» Scraped caption text data
════════════════════

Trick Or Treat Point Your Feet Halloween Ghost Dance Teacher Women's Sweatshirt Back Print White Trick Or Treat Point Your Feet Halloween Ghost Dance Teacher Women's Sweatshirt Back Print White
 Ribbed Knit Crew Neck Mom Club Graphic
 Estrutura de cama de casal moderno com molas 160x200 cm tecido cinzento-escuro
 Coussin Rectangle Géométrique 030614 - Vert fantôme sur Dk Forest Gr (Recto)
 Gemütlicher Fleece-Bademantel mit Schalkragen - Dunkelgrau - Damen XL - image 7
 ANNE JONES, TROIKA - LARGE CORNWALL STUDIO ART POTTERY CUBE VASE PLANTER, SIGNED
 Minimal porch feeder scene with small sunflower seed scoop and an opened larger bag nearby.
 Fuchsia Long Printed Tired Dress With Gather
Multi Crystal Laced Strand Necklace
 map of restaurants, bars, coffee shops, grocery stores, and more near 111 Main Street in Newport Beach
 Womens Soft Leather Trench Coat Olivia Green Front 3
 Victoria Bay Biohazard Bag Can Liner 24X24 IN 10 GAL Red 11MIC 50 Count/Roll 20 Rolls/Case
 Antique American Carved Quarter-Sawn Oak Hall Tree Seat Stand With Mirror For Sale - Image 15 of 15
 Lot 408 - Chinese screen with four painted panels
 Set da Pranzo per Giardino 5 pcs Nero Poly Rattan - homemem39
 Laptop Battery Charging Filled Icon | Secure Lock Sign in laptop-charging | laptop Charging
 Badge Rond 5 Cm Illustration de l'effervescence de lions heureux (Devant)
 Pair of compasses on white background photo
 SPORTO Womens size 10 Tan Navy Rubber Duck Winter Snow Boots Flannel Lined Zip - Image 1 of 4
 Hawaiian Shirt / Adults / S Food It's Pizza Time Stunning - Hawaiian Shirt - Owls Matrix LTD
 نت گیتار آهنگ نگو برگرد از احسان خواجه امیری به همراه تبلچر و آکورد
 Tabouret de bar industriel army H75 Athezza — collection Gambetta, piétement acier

════════════════════

» PROBLEM TO WORK ON
After locating the line with "SPORTO Womens size", output that line and every later one exactly, through the end of the entries above.

» SOLUTION BELOW
 SPORTO Womens size 10 Tan Navy Rubber Duck Winter Snow Boots Flannel Lined Zip - Image 1 of 4
 Hawaiian Shirt / Adults / S Food It's Pizza Time Stunning - Hawaiian Shirt - Owls Matrix LTD
 نت گیتار آهنگ نگو برگرد از احسان خواجه امیری به همراه تبلچر و آکورد
 Tabouret de bar industriel army H75 Athezza — collection Gambetta, piétement acier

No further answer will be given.